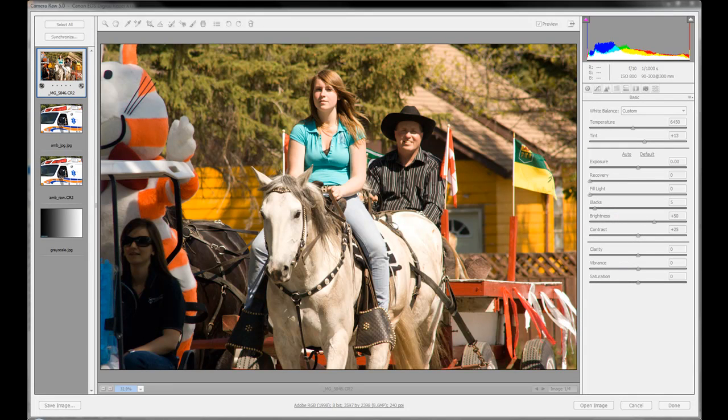Welcome to Beginner's Guide to Adobe Camera Raw. This is Lesson 2.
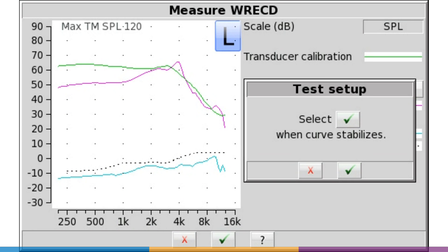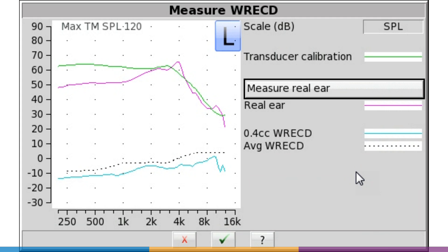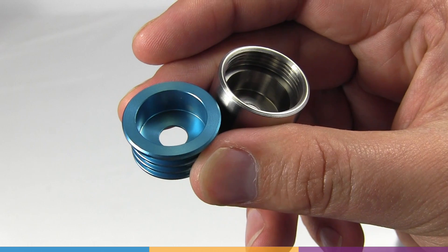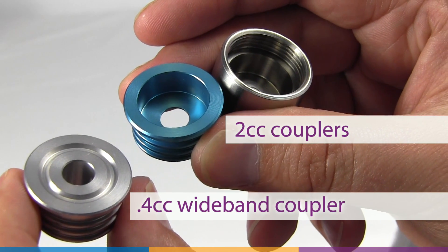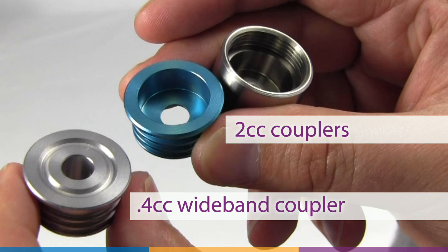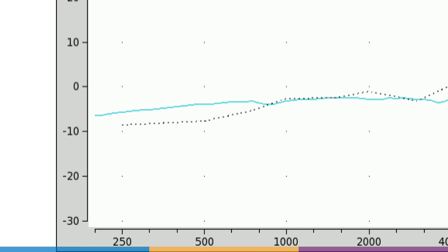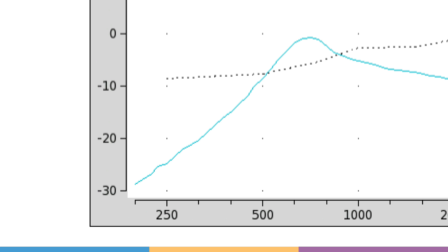The WRECD, the wideband RECD measured on the Verifit 2, also includes values at 8, 10, and 12.5 kHz. It is measured using the 0.4 cc coupler, which is much closer in volume to that of an ear canal. As a result, an average WRECD will typically have values below zero, and negative numbers are not unexpected. However, a leak in the on-ear measurement will still result in a steep roll-off in the low frequencies.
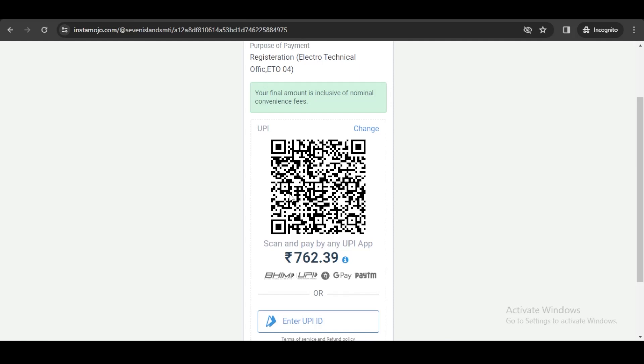Once you complete your payment, you will receive a confirmation email at the email ID you registered in the form, and you are good to go. That's the whole procedure of filling the Seven Islands ETO form. If you have any doubts, please let me know in the comment section, and good luck for your exams.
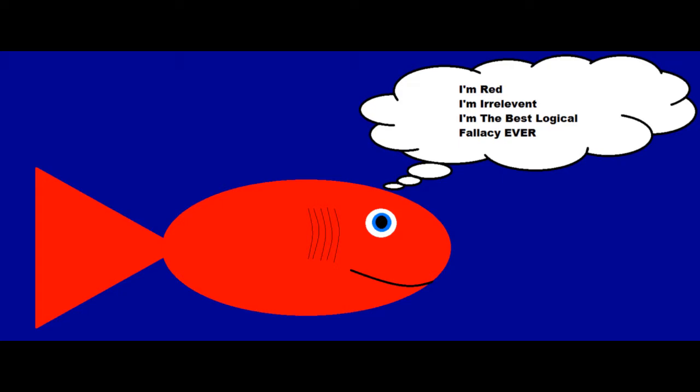The Red Herring Fallacy is the fallacy committed when you arbitrarily change the subject, especially if you do so because you know that the current topic of argumentation is one that you cannot possibly win. It's called the Red Herring Fallacy because of an old method that was used to train dogs,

____________

● **YOUR INSTRUCTIONS**
With the pictures omitted, the material is to be transcribed exactly.

● **RESULT FOR THIS EXERCISE**
Welcome to Beginner's Guide to Adobe Camera Raw. This is Lesson 2.
The WRECD, the wideband RECD measured on the Verifit 2, also includes values at 8, 10, and 12.5 kHz. It is measured using the 0.4 cc coupler, which is much closer in volume to that of an ear canal. As a result, an average WRECD will typically have values below zero, and negative numbers are not unexpected. However, a leak in the on-ear measurement will still result in a steep roll-off in the low frequencies.
Once you complete your payment, you will receive a confirmation email at the email ID you registered in the form, and you are good to go. That's the whole procedure of filling the Seven Islands ETO form. If you have any doubts, please let me know in the comment section, and good luck for your exams.
The Red Herring Fallacy is the fallacy committed when you arbitrarily change the subject, especially if you do so because you know that the current topic of argumentation is one that you cannot possibly win. It's called the Red Herring Fallacy because of an old method that was used to train dogs,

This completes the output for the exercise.